В "Закаленных" Твен начинает писать влюбленным пером свои лирические американские пейзажи, наиболее совершенные из которых он создал позднее в "Приключениях Гекльберри Финна".
"С величавых высот Вирджинии открывается необъятная панорама горных хребтов и пустынь; и все равно - в погожий ли день или в облачный, при восходе ли солнца или при его заходе, в палящий полдень или в лунную ночь, - зрелище это всегда величественно и прекрасно. Прямо перед вами Дейвидсон вздымает свою седую голову, а внизу, рассекая неровную горную цепь, зазубренное ущелье образует мрачные ворота, сквозь которые мягко светится пустынная равнина с серебристой змейкой реки, окаймленной деревьями, которые на таком расстоянии кажутся пушистой бахромой; еще дальше поднимаются снежные вершины, которые тянутся бесконечным барьером до самого горизонта, окутанного туманом; между горизонтом и вами, где-то далеко в пустыне, горит озеро, словно поверженное на землю солнце".

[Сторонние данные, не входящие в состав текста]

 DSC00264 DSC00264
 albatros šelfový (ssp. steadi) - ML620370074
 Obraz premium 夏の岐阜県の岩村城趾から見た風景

Главенствующим методом изображения, однако, и в этой книге остается юмор. Весьма интересно отметить, как в "Закаленных" характерным образом меняется функция американского юмора, столь разрушительно проявившего себя на европейском материале в "Простаках за границей". Сохраняя все свои типические черты, юмор становится в дружественные отношения к изображаемому материалу, содействует его вящему прославлению.
Твен знакомит читателя с "невадским зефиром" - пылевой бурей в Неваде. Туча поднявшейся пыли была, по его уверению, "высотой в Соединенные Штаты, если поставить их стоймя". Далее идет описание бури.

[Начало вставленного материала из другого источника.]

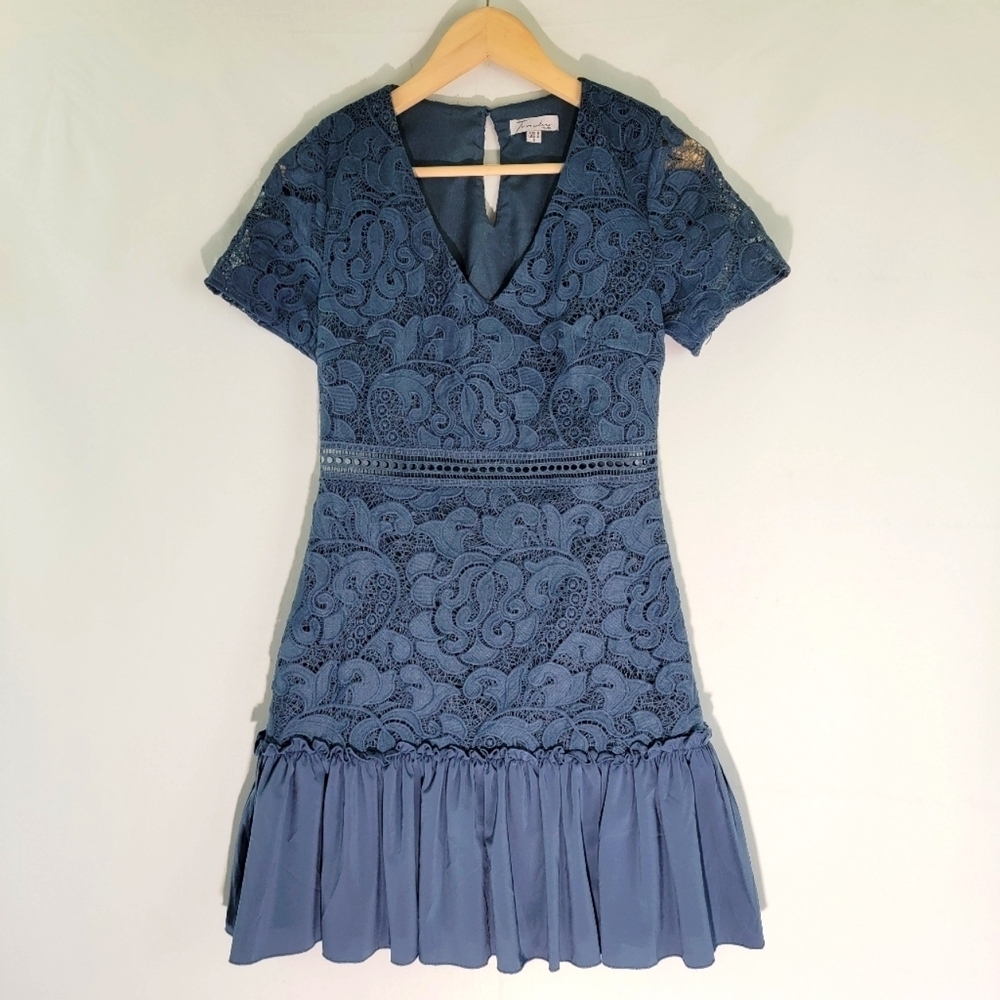 Two Sisters THE LABEL Gray Lace Bodice Party Dress Sz 4 Vneck Short Sleeves Line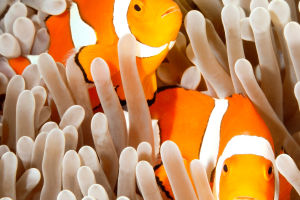 Dancing With Clownfish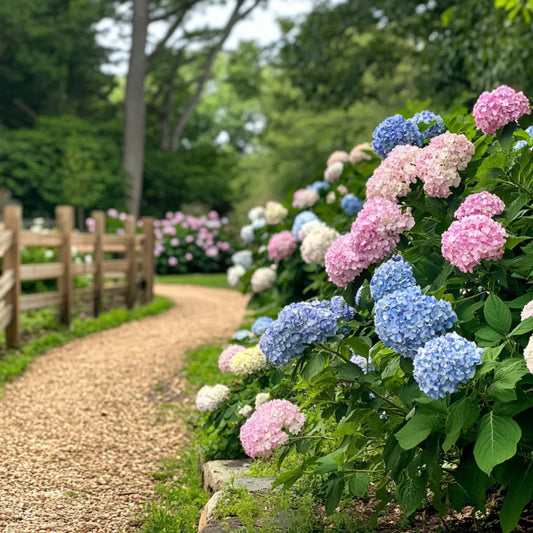 How and when to plant hydrangea?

"Воздух был густо усеян одушевленными и неодушевленными предметами, которые летали туда и сюда, то появляясь, то исчезая в бурлящих волнах пыли. Шляпы, куры и зонтики парили в поднебесье; чуть пониже были одеяла, железные вывески, кусты полыни и черепица; еще пониже - половики и бизоньи шкуры; затем ведерки для угля и совки; уровнем ниже застекленные двери, кошки и маленькие дети; еще ниже дровяные склады, легкие экипажи и тачки; а в самом низу, всего в тридцати - сорока футах от земли, бушевал ураган кочующих крыш и пустующих земельных участков".
Этот пейзаж уже на грани героических сказов о великанах. Природа ведет себя широко и буйно, под стать населяющим ее людям.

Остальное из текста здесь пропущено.